Впрочем, ни детско-родительские отношения, ни отношения между родителями и школой здесь также — подчеркнуто[459]
— не играют никакой роли. Сцена содержит мощный аллюзивно-символический подтекст, связанный все с той же темой, с отношениями между властью и обычным советским человеком, — и все прочие контексты опускаются как «засоряющие» экранный месседж. Тот образ, который создает в этом эпизоде Антонина Павлычева — седая женщина с правильным славянским лицом, в пиджаке «под Крупскую» и блузке с небольшим жабо и овальной брошью, — четко отсылает зрителя к архетипу первой учительницы. Он должен восстанавливать в памяти соответствующие режимы эмпатии, в том числе и привязанные к конкретным узнаваемым киновоплощениям: к персонажам Тамары Макаровой в «Первокласснице» и особенно Веры Марецкой в «Сельской учительнице», поскольку речь идет никак не о центральной московской школе. Понятно, что за спиной у этого последнего образа маячит другой, Родина-Мать, для которой всякий советский человек есть любимый ученик, предмет неусыпной заботы и искреннего интереса, выходящего далеко за временны́е рамки школьного возраста; визуальные и семантические особенности этой связи мы уже проговорили выше на примере «Сельской учительницы» Марка Донского.
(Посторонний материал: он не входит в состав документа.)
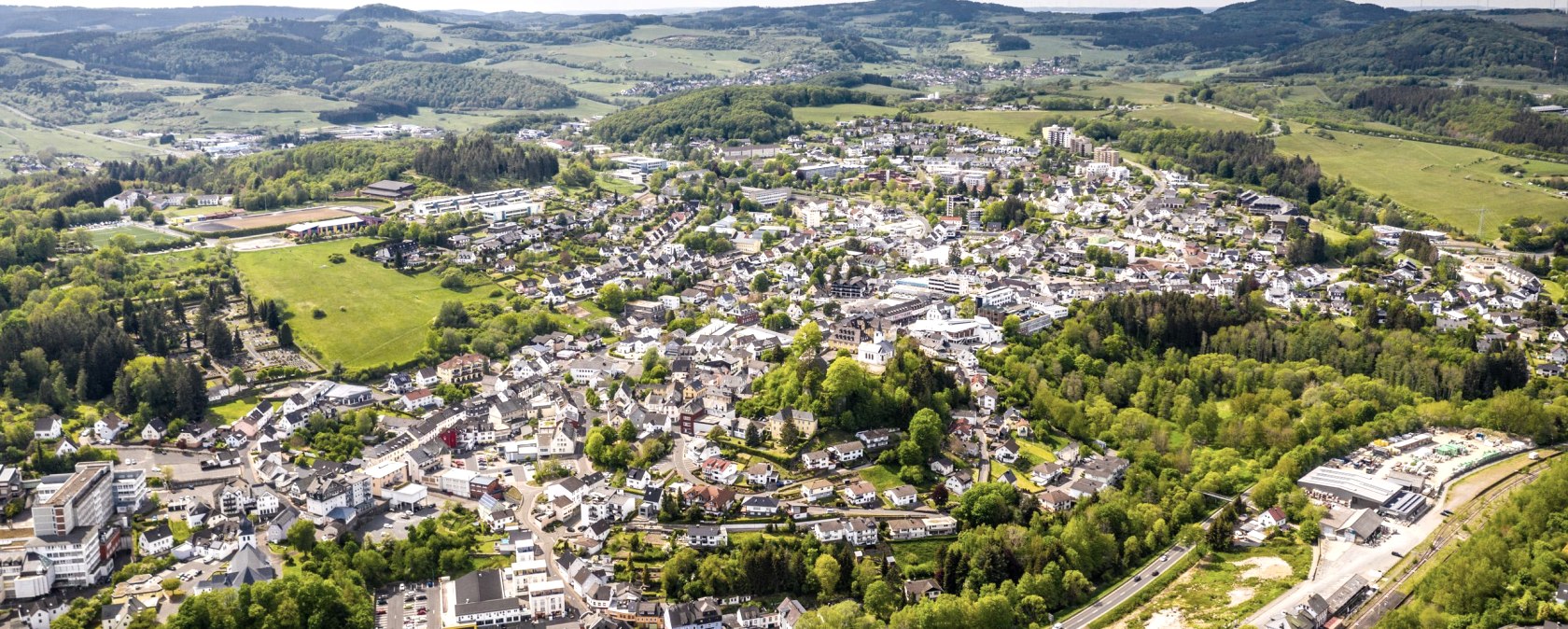 Daun, © Dominik Kretz Daun, © Dominik Kretz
Но только Родина здесь меняется самым драматичным образом. Она говорит прокуренным голосом и не выпускает из рук мундштука со вставленной в него «беломориной». Она говорит властным, не допускающим возражений тоном, несмотря на то что давно не в ладах с головой — и сама отдает себе в этом отчет. И наконец, она мучительно пытается припомнить, кто именно и на кого именно донес в те времена, когда она была еще в силах, — и никак не может этого сделать.Школьный фильм. Нормализация памяти и странные символические сближения: «Грешный ангел»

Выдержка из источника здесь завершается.